Copenhague talvez esteja na prateleira logo abaixo. Seu principal cemitério, o Assistens, pode não ser uma das atrações mais óbvias da capital dinamarquesa, mas ele entrega o pacote que se espera de um lugar do tipo para o visitante: uma área verde de respeito, uma história local importante, túmulos de personalidades e causos curiosos.
Em 2014, ele ganhou mais uma dessas lendas, digna da série "Dark", produzida na vizinha Alemanha. Da noite para o dia, surgiu uma lápide que dizia apenas o seguinte:
Andreas Morgenrodt
Tidsrejsende
1996 - 2064
Não bastava a data de óbito anacronicamente lapidar, o único termo usado para descrever quem foi ou é ou será o tal Andreas é "tidsrejsende", que em dinamarquês significa "viajante do tempo". Isso num túmulo velho e gasto, que poderia estar ali havia décadas.

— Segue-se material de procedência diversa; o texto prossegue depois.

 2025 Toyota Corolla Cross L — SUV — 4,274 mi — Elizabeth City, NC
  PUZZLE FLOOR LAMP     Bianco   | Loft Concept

Durante dois anos, o mistério se manteve, instigando frequentadores do cemitério e jornalistas. Quem havia instalado aquela lápide? Por quê?

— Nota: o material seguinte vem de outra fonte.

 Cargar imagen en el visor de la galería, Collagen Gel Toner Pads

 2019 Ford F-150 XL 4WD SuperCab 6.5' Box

Seria uma ação de marketing metida a engraçadinha (além de ilegal)? Alguma intervenção urbana à la Banksy?
Até que, em 2016, a verdade veio à tona. O homem da lápide era o poeta Morten Sondergaard, que estava (e ainda está) vivo, embora as estatísticas apontem que dificilmente ele viva até 2064, quando completará 100 anos.
Sondergaard reconheceu que ele tinha instalado a pedra, e que Andreas Morgenrodt é apenas um anagrama de seu próprio nome — que serviu de inspiração. "Morten" é um nome comum na Dinamarca, mas sua origem é latina: deriva de Martinus, uma referência ao deus romano da guerra, Marte.

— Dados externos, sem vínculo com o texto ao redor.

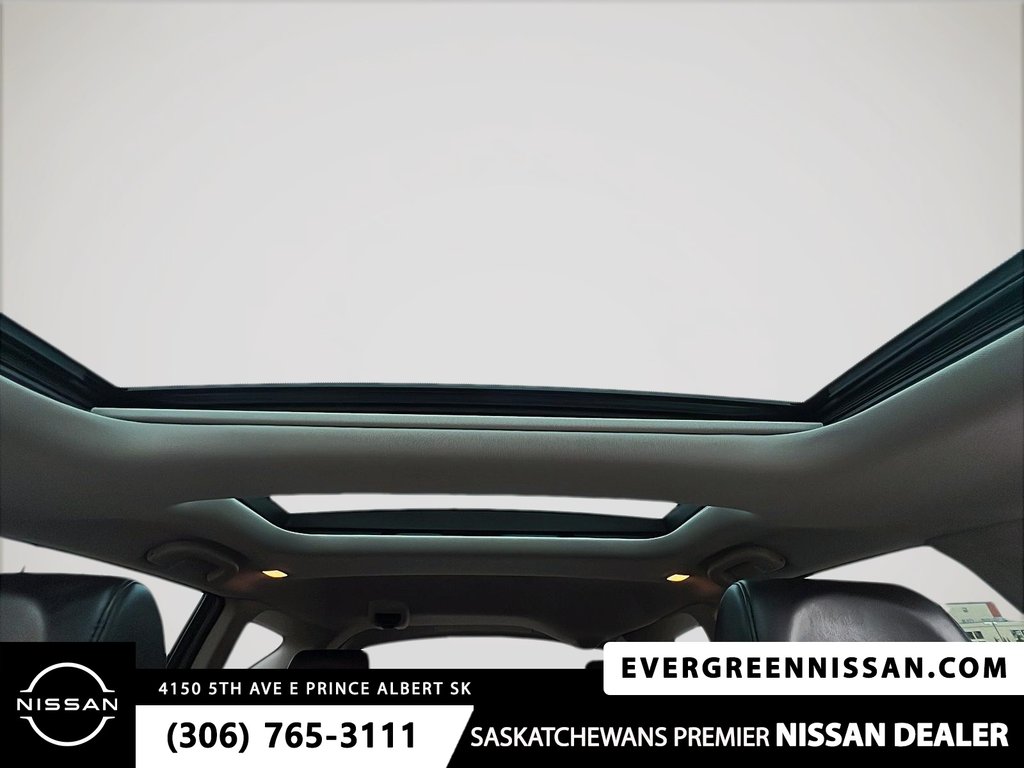 2014 Nissan Murano in Prince Albert, Saskatchewan - 18 - w1024h768px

Só que o poeta vive na Itália desde 1998. Em italiano (e nas outras línguas latinas), seu nome traz uma nítida associação não ao deus da guerra, mas à morte.
Que artista é esse?
Sondergaard é conhecido na Dinamarca por ser um poeta que trabalha muito além do papel. Sua obra, de acordo com os críticos, é uma poesia que almeja capturar o mundo - ou seja, não é à toa que esta coluna, dedicada a história e viagem, e não a literatura, esteja falando hoje de um poeta.
Com prêmios nacionais e internacionais, ele já foi traduzido para sete idiomas. Estreou em 1992, com "Sahara i mine haender" ("Saara em minhas mãos").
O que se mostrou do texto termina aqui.